Investors are increasingly looking at getting the fundamental metrics right like profitability, unit level of economics, customer acquisition cost, and are only then willing to pump capital.“ Venture capitalists and other investors are focussed on the rate of addition of new businesses, revenue growth from existing clients and their stickiness,” said Vinay Bagri, chief executive officer, Niyo Solutions which provides digital banking for employees of small enterprises.
“Their interest is driven by multiple factors, companies here tend to be more capital efficient, can reach unit economics profitability much faster than B2C companies, said Nilesh Thorve, chief executive officer, Dealbank which helps startups raise funds from family offices.
Sumir Verma, managing director of Merisis Advisors an investment bank, said that many of these enterprises are trying to solve structural problems and if they succeed they will create entry barriers for others. “We are seeing many more deals in this area now. The increase is mirroring the evolution of the ecosystem ,” he said.
The biggest challenge for startups is to convince investors of the business model. Grover from IBSFintech said in their endeavours to raise funds they have been evaluated multiple times on volume metrics typical of consumer internet companies, which is not the right one.“We do not have set paramteres to be evaluated unlike the consumer-facing companies,” said Ramaswamy Iyer, chief executive officer, Vayana Network which works in the supply chain financing business.

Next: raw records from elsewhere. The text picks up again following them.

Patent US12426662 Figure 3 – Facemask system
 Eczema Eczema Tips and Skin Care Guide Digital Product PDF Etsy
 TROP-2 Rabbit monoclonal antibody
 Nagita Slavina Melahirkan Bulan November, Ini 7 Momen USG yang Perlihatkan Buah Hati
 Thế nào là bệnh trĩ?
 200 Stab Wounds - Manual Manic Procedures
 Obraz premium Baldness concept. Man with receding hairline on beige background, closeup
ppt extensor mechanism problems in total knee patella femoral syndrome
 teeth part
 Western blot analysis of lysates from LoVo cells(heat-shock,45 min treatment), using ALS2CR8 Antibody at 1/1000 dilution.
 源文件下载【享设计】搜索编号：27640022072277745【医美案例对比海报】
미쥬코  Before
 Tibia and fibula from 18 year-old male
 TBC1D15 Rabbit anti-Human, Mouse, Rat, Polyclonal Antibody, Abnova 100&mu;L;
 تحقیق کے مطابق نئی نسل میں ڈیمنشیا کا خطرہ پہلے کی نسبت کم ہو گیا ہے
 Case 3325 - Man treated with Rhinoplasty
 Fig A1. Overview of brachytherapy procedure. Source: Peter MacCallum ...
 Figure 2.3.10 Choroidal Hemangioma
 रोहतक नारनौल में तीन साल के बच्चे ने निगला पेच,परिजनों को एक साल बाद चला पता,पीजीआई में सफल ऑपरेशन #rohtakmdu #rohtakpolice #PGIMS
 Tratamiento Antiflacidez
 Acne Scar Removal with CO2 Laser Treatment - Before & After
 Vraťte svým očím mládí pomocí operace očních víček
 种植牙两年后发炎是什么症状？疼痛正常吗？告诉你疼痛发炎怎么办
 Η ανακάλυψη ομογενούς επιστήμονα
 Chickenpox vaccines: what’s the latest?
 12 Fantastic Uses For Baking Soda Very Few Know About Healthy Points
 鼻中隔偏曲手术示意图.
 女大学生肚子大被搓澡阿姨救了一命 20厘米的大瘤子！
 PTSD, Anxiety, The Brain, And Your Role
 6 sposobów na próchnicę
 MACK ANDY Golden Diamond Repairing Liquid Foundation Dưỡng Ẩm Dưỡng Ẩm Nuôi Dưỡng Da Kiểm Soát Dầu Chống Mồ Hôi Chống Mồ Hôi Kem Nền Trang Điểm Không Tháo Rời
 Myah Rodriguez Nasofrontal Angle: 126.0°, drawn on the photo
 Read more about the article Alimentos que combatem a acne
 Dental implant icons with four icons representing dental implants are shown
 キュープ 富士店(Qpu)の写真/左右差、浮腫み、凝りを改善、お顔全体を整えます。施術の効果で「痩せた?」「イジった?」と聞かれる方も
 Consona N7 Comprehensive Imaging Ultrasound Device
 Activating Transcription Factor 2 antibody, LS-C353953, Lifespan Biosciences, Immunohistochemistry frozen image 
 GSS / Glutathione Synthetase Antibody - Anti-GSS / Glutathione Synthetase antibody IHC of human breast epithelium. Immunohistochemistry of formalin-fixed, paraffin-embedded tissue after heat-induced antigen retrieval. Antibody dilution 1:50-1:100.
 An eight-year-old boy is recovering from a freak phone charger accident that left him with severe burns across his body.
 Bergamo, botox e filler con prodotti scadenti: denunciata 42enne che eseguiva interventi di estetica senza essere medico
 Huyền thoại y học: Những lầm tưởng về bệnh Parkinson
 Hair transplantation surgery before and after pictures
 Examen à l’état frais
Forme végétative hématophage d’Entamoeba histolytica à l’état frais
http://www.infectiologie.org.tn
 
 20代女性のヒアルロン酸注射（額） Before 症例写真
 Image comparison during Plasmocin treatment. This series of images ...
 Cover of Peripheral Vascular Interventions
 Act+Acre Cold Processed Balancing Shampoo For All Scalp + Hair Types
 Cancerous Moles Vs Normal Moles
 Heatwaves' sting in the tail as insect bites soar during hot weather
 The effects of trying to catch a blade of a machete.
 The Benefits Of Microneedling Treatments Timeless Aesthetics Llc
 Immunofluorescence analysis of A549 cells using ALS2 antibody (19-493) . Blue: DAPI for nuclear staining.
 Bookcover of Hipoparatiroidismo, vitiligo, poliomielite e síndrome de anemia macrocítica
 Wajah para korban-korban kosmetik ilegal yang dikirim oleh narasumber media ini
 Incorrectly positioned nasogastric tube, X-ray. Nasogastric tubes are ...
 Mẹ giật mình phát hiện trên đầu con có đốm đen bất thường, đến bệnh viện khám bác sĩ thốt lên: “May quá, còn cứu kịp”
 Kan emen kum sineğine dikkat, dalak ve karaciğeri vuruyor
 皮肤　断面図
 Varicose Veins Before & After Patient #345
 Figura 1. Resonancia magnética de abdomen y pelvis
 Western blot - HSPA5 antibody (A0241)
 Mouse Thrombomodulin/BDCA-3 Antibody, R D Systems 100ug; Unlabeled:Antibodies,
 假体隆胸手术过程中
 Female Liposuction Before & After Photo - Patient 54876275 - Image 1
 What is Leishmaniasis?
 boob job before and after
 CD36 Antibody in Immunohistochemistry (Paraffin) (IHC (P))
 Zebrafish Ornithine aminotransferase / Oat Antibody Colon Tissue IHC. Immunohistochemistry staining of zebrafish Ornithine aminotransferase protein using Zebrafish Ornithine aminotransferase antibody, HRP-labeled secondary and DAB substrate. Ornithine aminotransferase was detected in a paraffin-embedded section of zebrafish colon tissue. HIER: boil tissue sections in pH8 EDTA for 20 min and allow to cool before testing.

With a large chunk of small businesses still offline, internet companies still acquire customers through an agent network.“ India still needs feet-on-the-street model for acquisition of corporate clients. Cost wise it may work out but in developed economies this won’t be feasible,” said Anshul Rai, chief executive officer of expense management startup for businesses Happay. “Investors do not find these businesses attractive always but interest is growing.”
According to data sourced from business intelligence platform Tracxn, around $364 million have been pumped into the B2B fintech space through more than 80 equity rounds. Last year the number of deals stood at 76 and the amount pumped in was $345 million.